We hear accounts of Allen constantly hovering around Dylan when she was a toddler and a little girl, to the point where the parents at Dylan’s school voiced concerns about his behavior. In audio recordings from the past and recent on-camera interviews, Mia Farrow sounds devastated and heartbroken and consumed with regret over not doing more to stop Allen from his alleged atrocities against Dylan. When Farrow and Allen talked on the telephone after the scandal had become public, they taped each other.
“If I have a shred of belief left in you, then help me now: Tell me where you were for those 20 minutes,” says Farrow, referring to the day Allen allegedly abused Dylan, when the house was filled with family and friends, but no one could find Allen or Dylan for 20 minutes.
“All the details when the time comes, and the truth will come out,” replies Allen. What the hell does that even mean?
Criminal charges were never filed against Woody Allen, who maintains his innocence.
But when Manhattan Justice Elliott Wilk ruled in favor of Farrow in the custody hearing, he said, “There is no credible evidence to support Mr. Allen’s contention that Ms. Farrow coached Dylan” into making false claims. “We will probably never know what occurred on Aug. 4, 1992 … however, Mr. Allen’s behavior toward Dylan was grossly inappropriate, and measures must be taken to protect her.”
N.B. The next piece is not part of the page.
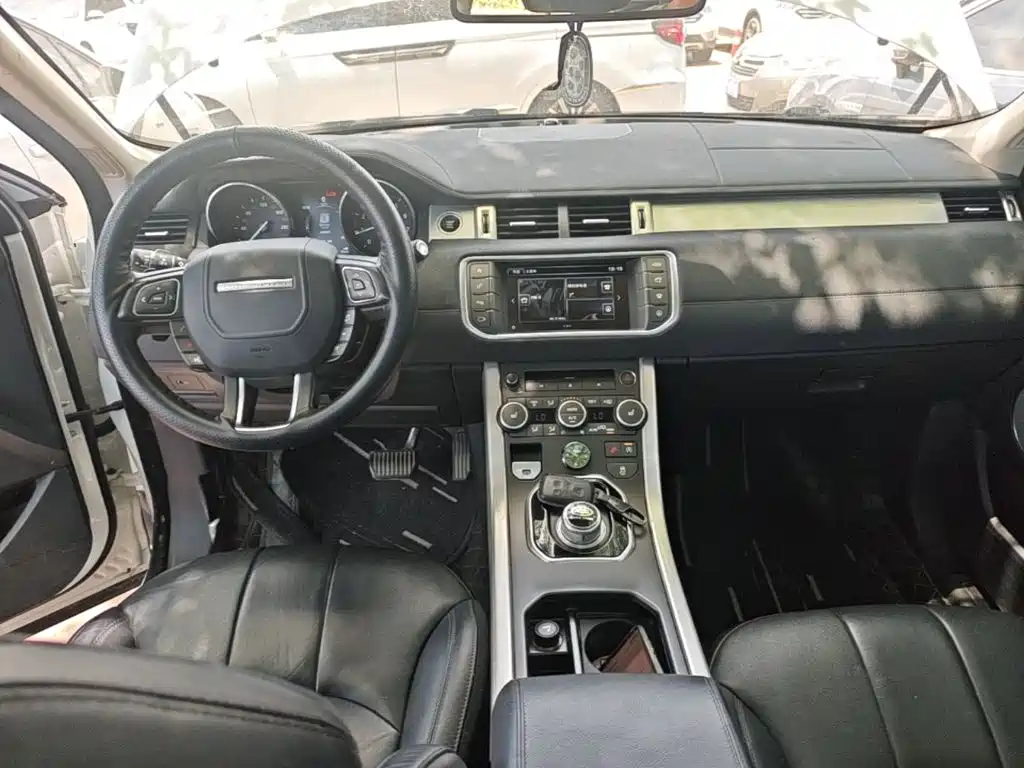 Land Rover Evoque 2017 — фото 10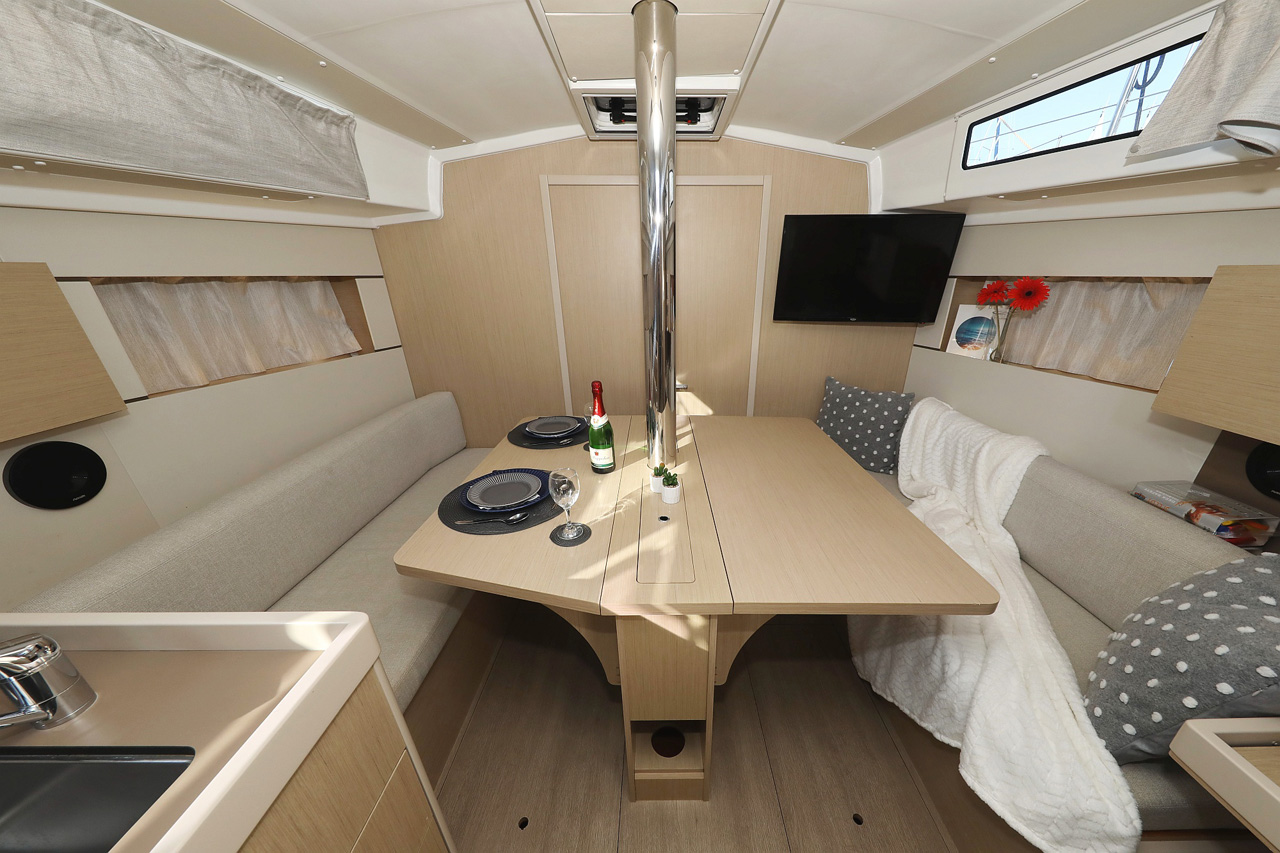 Oceanis 38.1 — photo 12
Many actors who appeared in recent Woody Allen films have since expressed regrets and in some cases donated their salaries to support charities fighting sexual abuse and supporting victims.
Allen’s “A Rainy Day in New York,” filmed in 2018, sat in limbo for a couple of years after being dropped by Amazon Studios but eventually was released in the United States last fall by the Orland Park-based MPI Media Group.
The 84-year-old Allen’s 2020 comedy “Rifkin’s Festival” was financed and filmed in Spain and released there last September. No word on whether it will ever see the light of day in America. I wouldn’t bet on it.